House Democrats on Wednesday voted against a Republican demand for information related to how long veterans are waiting for care at the Department of Veterans Affairs, as complaints about lengthy delays at VA continue to pile up.
Republicans brought up a “resolution of inquiry” from Rep. Paul Gosar, R-Ariz., at the House Veterans’ Affairs Committee on Wednesday. That resolution instructed VA to provide every document and file it has on how long veterans are waiting for care and reflects complaints that VA is not publishing accurate wait times.
But Democrats still hold a majority on the committee in this lame-duck session of Congress and voted to report it unfavorably to the floor, effectively killing it.
Unacceptably long wait times at VA — in addition to efforts at VA to cover up those wait times — is what finally prompted Congress to pass the Mission Act in 2018. When the law took effect under President Trump, it allowed millions of veterans to seek care outside the VA system for several reasons, including long wait times at VA.
But Republicans and outside experts have accused the Biden administration’s VA of massaging wait-time data in order to make it appear as if appointments are being scheduled quickly when, in reality, it’s taking much longer.
For example, VA regulations say veterans should be able to access private sector care if they face waits of longer than 20 days for primary care and 28 days for specialty care. VA is starting the clock not when a veteran first seeks an appointment, but after a VA “scheduler” begins the work of setting up an appointment, which sometimes happens weeks after a veteran first seeks care.
During committee debate on Wednesday, Rep. Mike Bost, R-Ill., said the VA continues to use this flawed process to create the appearance of shorter VA wait times and thus make veterans ineligible for private sector care, also known as “community care.”

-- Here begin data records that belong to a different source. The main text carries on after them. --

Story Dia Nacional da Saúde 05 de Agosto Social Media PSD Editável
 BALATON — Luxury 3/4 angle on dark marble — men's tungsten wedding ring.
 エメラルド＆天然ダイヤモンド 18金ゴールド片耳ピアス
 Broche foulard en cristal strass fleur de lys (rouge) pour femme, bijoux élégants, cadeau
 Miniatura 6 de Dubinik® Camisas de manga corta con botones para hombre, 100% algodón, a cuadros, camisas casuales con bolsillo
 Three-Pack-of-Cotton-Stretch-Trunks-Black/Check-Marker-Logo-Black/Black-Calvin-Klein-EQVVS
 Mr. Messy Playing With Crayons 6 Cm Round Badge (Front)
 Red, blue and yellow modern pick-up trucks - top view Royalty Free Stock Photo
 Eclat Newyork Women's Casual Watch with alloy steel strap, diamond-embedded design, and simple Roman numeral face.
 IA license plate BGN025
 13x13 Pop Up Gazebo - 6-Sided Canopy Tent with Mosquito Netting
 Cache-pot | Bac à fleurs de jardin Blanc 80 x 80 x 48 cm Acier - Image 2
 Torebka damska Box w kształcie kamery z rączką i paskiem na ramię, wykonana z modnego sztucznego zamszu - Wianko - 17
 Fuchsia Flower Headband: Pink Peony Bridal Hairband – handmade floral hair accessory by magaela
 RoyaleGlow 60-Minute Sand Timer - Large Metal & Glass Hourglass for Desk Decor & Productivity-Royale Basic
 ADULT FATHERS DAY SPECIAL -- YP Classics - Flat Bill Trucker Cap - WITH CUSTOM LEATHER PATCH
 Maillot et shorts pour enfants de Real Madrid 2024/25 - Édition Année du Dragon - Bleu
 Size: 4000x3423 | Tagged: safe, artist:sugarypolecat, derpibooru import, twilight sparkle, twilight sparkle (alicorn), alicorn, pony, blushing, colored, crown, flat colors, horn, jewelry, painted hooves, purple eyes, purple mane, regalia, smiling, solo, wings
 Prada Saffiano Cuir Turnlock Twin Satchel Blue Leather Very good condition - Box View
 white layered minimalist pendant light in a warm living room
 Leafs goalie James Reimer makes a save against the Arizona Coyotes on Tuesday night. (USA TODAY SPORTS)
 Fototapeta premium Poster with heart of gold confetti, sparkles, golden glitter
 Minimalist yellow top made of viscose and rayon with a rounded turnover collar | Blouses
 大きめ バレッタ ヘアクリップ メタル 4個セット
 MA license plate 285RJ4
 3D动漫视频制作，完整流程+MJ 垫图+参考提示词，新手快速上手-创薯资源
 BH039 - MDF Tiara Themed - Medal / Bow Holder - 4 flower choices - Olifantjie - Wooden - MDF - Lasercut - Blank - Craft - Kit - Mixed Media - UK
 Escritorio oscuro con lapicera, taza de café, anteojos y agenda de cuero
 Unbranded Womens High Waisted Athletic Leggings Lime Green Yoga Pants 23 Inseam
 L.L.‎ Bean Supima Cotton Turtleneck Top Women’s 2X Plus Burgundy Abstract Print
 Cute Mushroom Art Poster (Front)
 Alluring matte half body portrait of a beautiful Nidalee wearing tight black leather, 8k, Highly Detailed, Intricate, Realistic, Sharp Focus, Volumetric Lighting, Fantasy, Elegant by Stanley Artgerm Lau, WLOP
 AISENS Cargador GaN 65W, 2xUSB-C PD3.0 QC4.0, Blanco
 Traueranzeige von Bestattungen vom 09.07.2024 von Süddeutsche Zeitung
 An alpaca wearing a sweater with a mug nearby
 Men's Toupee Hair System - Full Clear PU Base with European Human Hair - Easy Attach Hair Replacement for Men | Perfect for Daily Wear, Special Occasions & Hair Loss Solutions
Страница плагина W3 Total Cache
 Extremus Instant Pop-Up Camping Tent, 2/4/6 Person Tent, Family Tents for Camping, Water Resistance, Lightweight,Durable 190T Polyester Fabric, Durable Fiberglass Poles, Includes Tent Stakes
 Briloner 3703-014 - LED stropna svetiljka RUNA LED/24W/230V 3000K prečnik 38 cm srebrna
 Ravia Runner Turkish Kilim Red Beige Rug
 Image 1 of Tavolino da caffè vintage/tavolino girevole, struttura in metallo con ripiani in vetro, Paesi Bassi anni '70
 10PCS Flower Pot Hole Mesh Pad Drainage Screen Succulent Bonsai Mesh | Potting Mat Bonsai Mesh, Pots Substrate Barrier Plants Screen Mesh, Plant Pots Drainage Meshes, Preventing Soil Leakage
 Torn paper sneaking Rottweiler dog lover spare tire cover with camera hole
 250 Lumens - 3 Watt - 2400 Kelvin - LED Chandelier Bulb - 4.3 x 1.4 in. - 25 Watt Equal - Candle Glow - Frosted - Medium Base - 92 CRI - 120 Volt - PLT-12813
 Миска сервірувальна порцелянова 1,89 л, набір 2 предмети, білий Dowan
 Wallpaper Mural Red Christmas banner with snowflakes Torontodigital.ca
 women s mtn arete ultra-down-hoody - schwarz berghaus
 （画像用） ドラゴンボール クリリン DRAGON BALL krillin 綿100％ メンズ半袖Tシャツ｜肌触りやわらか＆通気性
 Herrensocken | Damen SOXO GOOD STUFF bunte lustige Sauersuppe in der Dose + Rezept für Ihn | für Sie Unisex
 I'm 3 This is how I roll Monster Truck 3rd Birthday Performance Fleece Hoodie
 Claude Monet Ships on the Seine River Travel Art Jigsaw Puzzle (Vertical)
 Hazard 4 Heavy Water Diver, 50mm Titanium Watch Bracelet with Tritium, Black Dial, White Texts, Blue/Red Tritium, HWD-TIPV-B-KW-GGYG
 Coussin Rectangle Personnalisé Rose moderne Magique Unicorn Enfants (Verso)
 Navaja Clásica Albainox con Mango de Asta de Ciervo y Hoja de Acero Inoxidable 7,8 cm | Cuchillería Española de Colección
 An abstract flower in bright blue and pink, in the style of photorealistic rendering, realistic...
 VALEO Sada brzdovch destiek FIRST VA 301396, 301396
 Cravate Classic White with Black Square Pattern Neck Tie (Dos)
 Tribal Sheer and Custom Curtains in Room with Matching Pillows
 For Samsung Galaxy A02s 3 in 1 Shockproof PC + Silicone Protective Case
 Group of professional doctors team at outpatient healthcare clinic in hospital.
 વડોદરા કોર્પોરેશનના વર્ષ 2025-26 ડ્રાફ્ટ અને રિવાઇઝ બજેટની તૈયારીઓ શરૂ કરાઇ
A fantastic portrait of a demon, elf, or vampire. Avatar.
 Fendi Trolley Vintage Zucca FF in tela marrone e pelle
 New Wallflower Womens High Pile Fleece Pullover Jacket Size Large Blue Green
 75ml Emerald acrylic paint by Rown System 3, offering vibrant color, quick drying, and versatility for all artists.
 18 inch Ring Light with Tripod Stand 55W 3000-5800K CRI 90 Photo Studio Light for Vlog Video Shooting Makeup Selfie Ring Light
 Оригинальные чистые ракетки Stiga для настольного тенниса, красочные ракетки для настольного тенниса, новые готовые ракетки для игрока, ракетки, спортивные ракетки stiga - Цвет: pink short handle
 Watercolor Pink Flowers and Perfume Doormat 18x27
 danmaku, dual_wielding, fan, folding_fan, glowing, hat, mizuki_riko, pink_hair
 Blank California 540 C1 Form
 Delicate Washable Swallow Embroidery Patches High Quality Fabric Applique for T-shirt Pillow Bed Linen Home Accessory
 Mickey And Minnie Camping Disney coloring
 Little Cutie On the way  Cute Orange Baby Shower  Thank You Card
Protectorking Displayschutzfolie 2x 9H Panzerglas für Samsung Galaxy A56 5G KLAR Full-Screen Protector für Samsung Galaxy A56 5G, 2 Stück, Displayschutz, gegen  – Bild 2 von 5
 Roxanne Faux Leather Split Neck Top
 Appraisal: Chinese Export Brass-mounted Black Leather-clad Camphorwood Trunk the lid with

“A closer look reveals that some VA facilities have months-long wait times for new patients or existing patients seeking specific care,” Bost said. “Long wait times at VA medical centers and delays in accessing care [in the] community are unacceptable.”
“VA’s past and current wait time measurements are flawed, inaccurate, and deceptive – they do not follow the VA Mission Act law and the Veterans Community Care Program regulation,” said Darin Selnick, a senior adviser to Concerned Veterans for America and former top adviser to VA Secretaries David Shulkin and Robert Wilkie, added in comments to Fox News Digital.
Rep. Mark Takano, D-Calif., who chairs the House committee, dismissed these fears and said it would be too much work for VA to explain to Congress how wait times are calculated.
“This resolution really would present an unduly burdensome and pointless paperwork exercise for VA and will ultimately reveal nothing that is not already known about VA’s wait time calculations,” Takano said.
The House resolution is the latest Republican attempt to force VA to explain how it is calculating wait times and how it is implementing the Mission Act. In a Senate hearing in September, Sen. Jerry Moran, R-Kan., told VA Secretary Denis McDonough that efforts to massage wait-time data are “unacceptable,” but McDonough declined to say VA would end this practice and offered only vague assurances that this problem might be addressed.
“We’re working through our workflows on that, and we will get those right,” McDonough said at the time.
Another GOP senator, Bill Cassidy of Louisiana, said VA has blocked his effort to learn more about how easy or difficult it is for veterans to qualify for care outside the VA system. He said VA told his office to file a Freedom of Information Act request for that information.
VA has given several indications that it opposes veterans using the Mission Act to get private care and prefers to keep veterans inside the VA system. Last year, VA took down a link that directed veterans to information on how to use the Mission Act.
Over the summer, VA openly admitted it’s worried about too many veterans getting care outside VA. McDonough said in June one-third of veterans were using the MISSION Act, which he said was a “high number.”
And in July, a senior VA official told the House that if the “balance of care” keeps skewing to the private sector, some VA facilities might not have “sufficient workload to operate in their current capacity.”